Wed. Feb 12th, 2025

Minnesota State Capitol. Photo courtesy of Minnesota Senate Media Services.

Some Minnesota lawmakers want to stop the practice of legislators giving money directly to nonprofits, concerned that it leads to uneven outcomes and lax oversight while favoring politically connected nonprofits.

The move comes as Republicans highlight the fraud schemes that have plagued Minnesota state government in recent years, often through sham nonprofits that have managed to collect millions as Medicaid providers. The nascent House Fraud Prevention and State Agency Oversight Policy Committee met for the first time Monday and discussed the many ways state agencies are failing to adequately oversee grants to nonprofits.

State government increasingly relies on nonprofits to complete its work, from preventing violence to providing food for needy families. State agencies typically award a grant after performing background checks and analyzing numerous proposals, ultimately giving it to the applicant that best meets their criteria. But lawmakers can also go around that competitive process and directly name a nonprofit, granting funds in a budget bill through what are known as legislatively named grants.

In 2023, the Democratic-Farmer-Labor-led Legislature approved over $1.1 billion in legislatively named grants to nonprofits, with some receiving more money from lawmakers than they normally get in other grants and donations in an entire year.

“We all get requests from our constituents, or we have a relationship with a certain group that we know does fabulous work. I know it’s hard for members, but I think we as a body have to police ourselves so that we put all grants through a competitive process,” said Rep. Kristin Robbins, R-Maple Grove, and chair of the House fraud committee.

Robbins said reducing the grants will require a “culture shift” at the Capitol. Lawmakers are able to propose whatever bills they like, so there’s little stopping them from continuing to name nonprofits in bills and granting them funds.

Ideally, Robbins said the Legislature should get rid of the practice of legislatively named grants, but she recognized that that would take time — and there’s no mechanism to make lawmakers do it.

According to a 2023 audit, Minnesota struggles to oversee money it sends out the door. The Office of the Legislative Auditor found “pervasive noncompliance” with grant management policies, “signaling issues with accountability and oversight” of the $500 million the state sends out in a typical year.

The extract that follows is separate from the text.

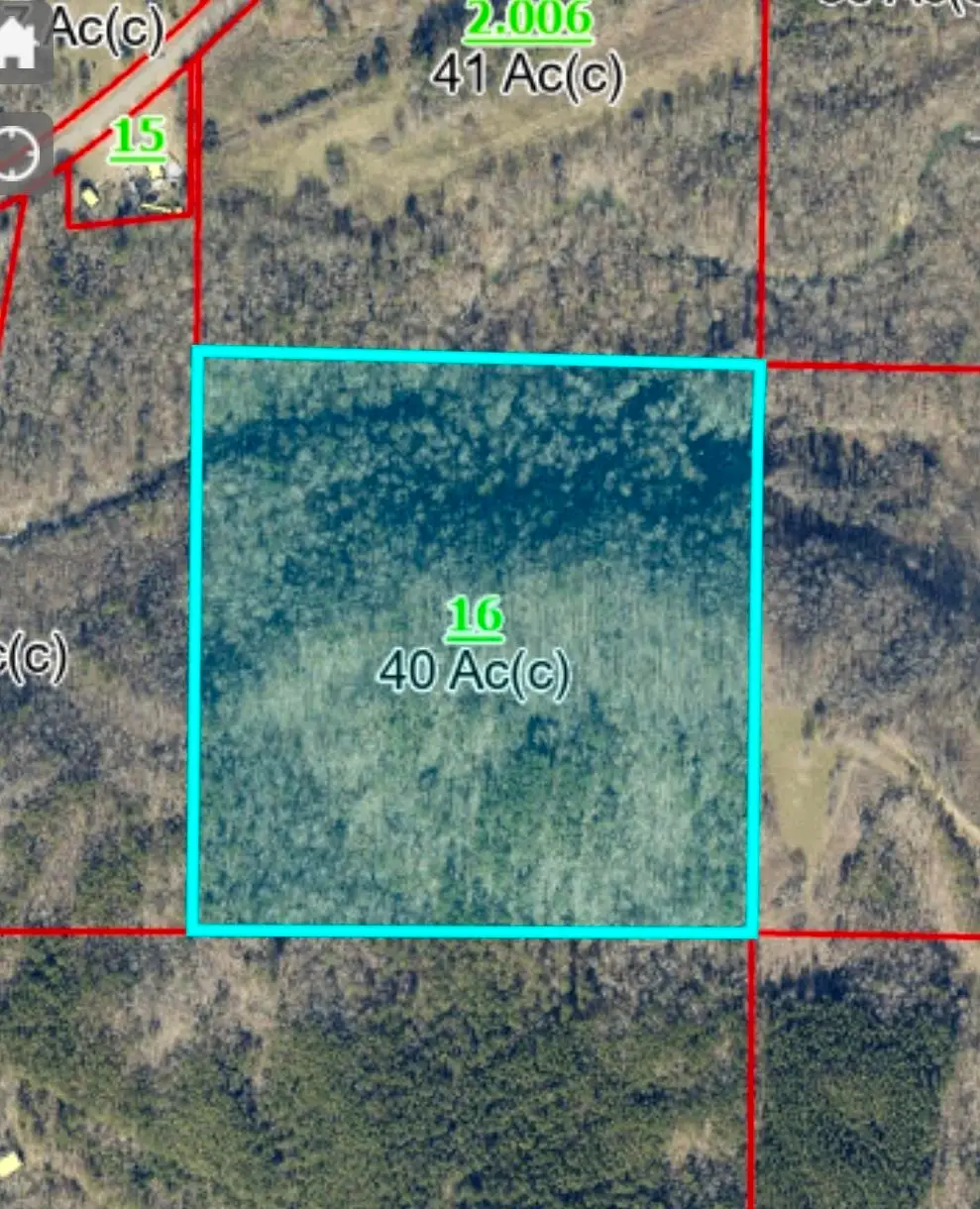 TBD Co Rd 30, Bremen, AL 35033 - #1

Both competitive and legislatively named grants are supposed to go through the same type of oversight by state agencies, but the Office of the Legislative Auditor has found that agencies have failed to provide the same oversight of legislatively named grants that they do for competitive grants.

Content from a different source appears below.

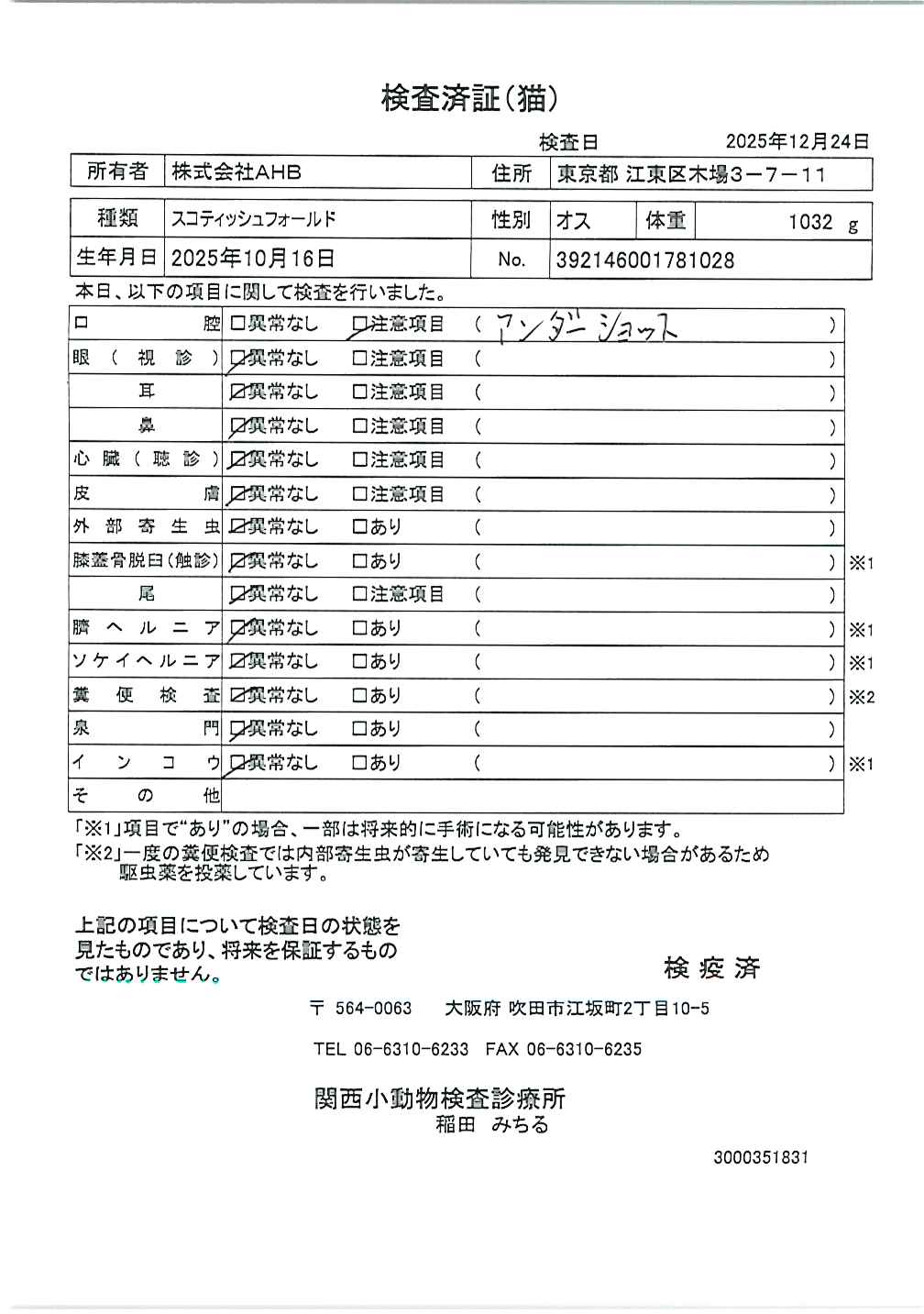 スコティッシュフォールド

The Department of Education, which was the pass-through agency for the stolen federal child nutrition funds in the massive so-called Feeding Our Future scheme, “consistently documented less fiscal and programmatic oversight of legislatively named grants compared to competitively awarded grants,” according to the audit.

Legislative Auditor Judy Randall on Monday told members of the House fraud committee that her office has recommended that the Legislature stop employing legislatively named grants since 2007, or the year the first iPhone was released.

Marie Ellis, public policy director for the Minnesota Council of Nonprofits, said the vast majority of funding from the state to nonprofits is through the competitive process. But Ellis also said it can be unnecessary for a nonprofit to go through an onerous competitive process if, for example, they are the only organization in an area of Minnesota that provides that specific service.

“Sometimes directly named grants are the most efficient way to enact the Legislature’s priorities,” Ellis said. “If there’s only one organization in the state that can do a certain thing that the Legislature wants done, a competitive process would be a sham and a waste of everyone’s time.”

In addition, smaller, less established nonprofits — especially those serving marginalized communities — can benefit from legislatively named grants, Ellis said.

Robbins said that the legislatively named grants is a bipartisan concern, and legislative leaders and committee chairs will need to take the first steps to discourage the practice.

“It would take the commitment of chairs to say ‘I’m not going to allow legislatively designated grants in my budget,’ so a lot of it will fall on the individual members,” Robbins said.